Does God hear our prayers?

Catholic Church 10-11-2023, 10:16

Does God hear our prayers?

 

Does God hear our prayers?

 

Catholics believe that God is omniscient, that is, all knowing. God knows everything. God is also omnipresent everywhere. For more on the attributes of God, you can read the Catechism of the Catholic Church. How God knows and how he is present differs from the way in which we humans know and are present to someone or someplace. Whenever we speak of God we can say only, “It is something like.” There is a vast difference between the divine and the human. The human attributes we assign to God are by analogy only. Theologians call this “the analogy of being”. God is spirit; he does not have eyes, cars or tongue.

 

How God knows and communicates with human beings is a subject for theologians to explain and ponder. Yet Scripture and our experience make it evident that God is aware of what is happening to his creatures and can act upon our senses to communicate with us. In the book of Exodus (2:23-24) we read, “Their cry for help rose up to God. God heard their [the Hebrews’] groaning and God remembered his covenant with Abraham, Isaac and Jacob.” Exodus will go on to tell of Moses’ encounters with God in the burning bush and at Mt Sinai. When Elijah restores the widow’s son to life, 1 Kings (17:22) tells us, “The Lord heard the prayer of Elijah.”

 

The New Testament, too, is full of instances where God sees, hears, knows and responds to the pleas of humans. Luke tells us both Zechariah and Elizabeth were righteous in the eyes of God (Luke 1:6) and the angel tells Zechariah, “your prayer has been heard” (Luke 1:13). Jesus’ words on prayer “Ask and you will receive” (Luke 11:9) presuppose God hears and is aware of our prayers. The parable of Lazarus and the rich man takes as fact that the dead have some awareness of what is happening on earth (Luke 16:19-31).

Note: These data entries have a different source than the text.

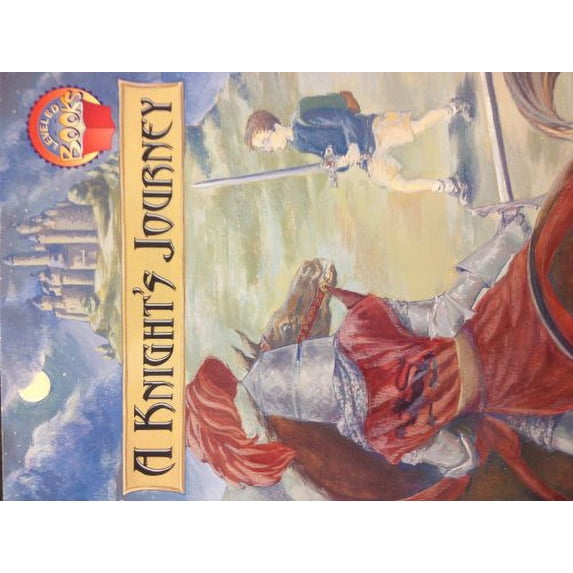 Pre-Owned A Knight's Journey Paperback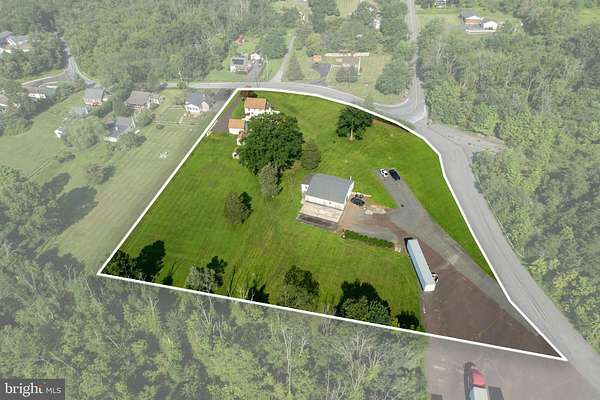 2.75 Acres of Improved Mixed-Use Land for Sale in Douglassville, Pennsylvania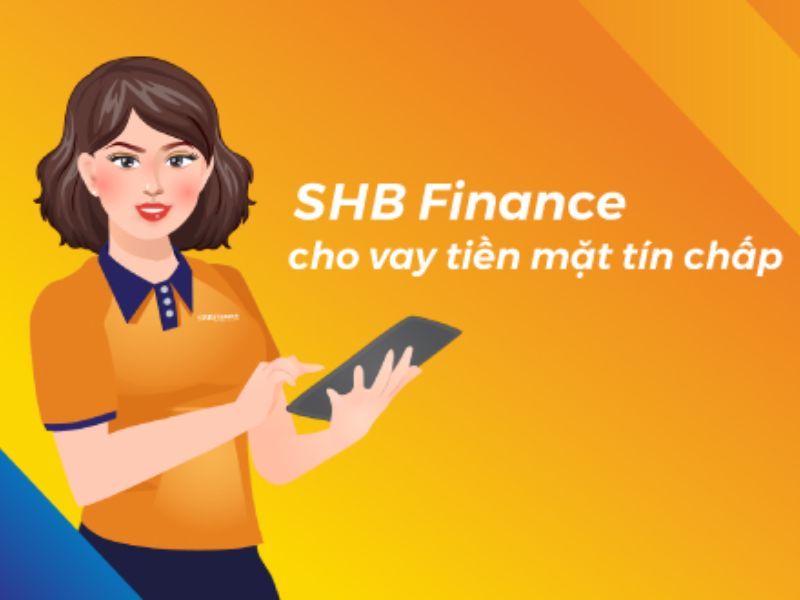 Những ưu điểm nổi bật tại SHB Finance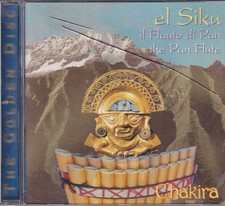 EL SIKU IL FLAUTO DI PAN THE PAN FLUTE CD 15 Tracce 5030240124322 E00755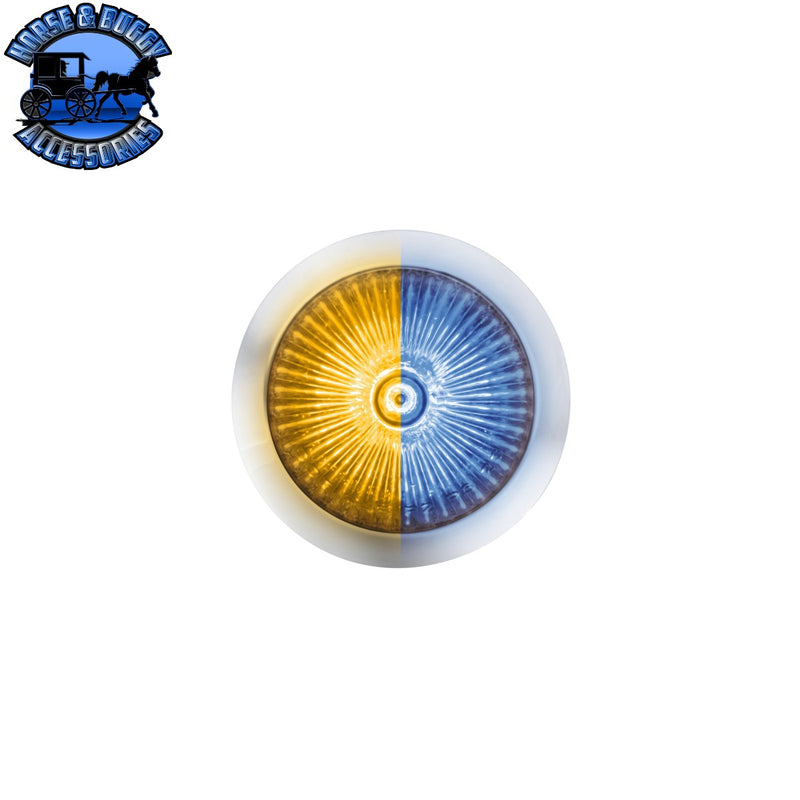 Double Fury 4 LED Dual Function 1-1/8" Spike Light (Choose Color)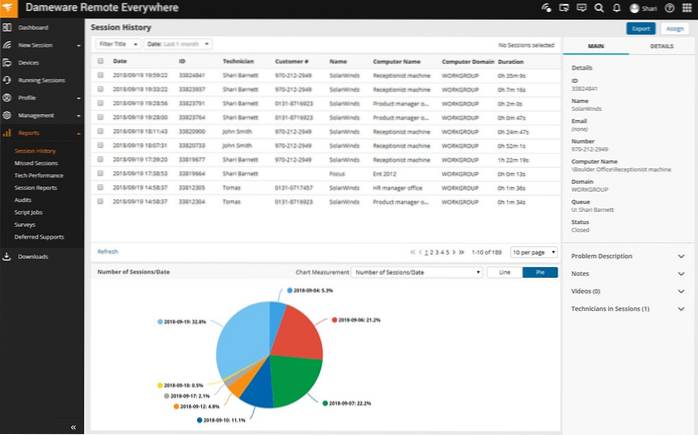 22 meilleures alternatives à Microsoft Active Directory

The rich man fears his brothers will share his fate and asks to be allowed to have Lazarus warn them.

 

The church plainly believes the holy ones are aware of our prayers of intercession and that God responds to their prayers on our behalf. This is evident, for example, when the church accepts as genuine a miracle following prayers to someone proposed for beatification or canonization. The extent of how much the saints and angels know of earthly affairs, and how they know, is again a question of discussion for theologians. In speaking of the beatific vision (knowledge of God after death), Adolphe Tanquerey calls it intuitive knowledge (not sensory). He goes on to speak of other knowledge, secondary to the knowledge of God, that belongs to the just after death. He says the blessed see many other things, especially those that pertain to their own proper state  past, present and future.

 

The blessed will know the mysteries they have believed on earth, and they will know the other saints. Scientists will have greater knowledge of the things they studied on earth. They will know more about the things that pertained to them in their former state of life. And, says Tanquerey, the blessed will look upon their parents and friends who are still living on earth and hear the prayers that are directed to them. In the end, remember, we are talking about mysteries. We have no firsthand knowledge of these things. Therefore, outside of faith, we can only speculate and theorize.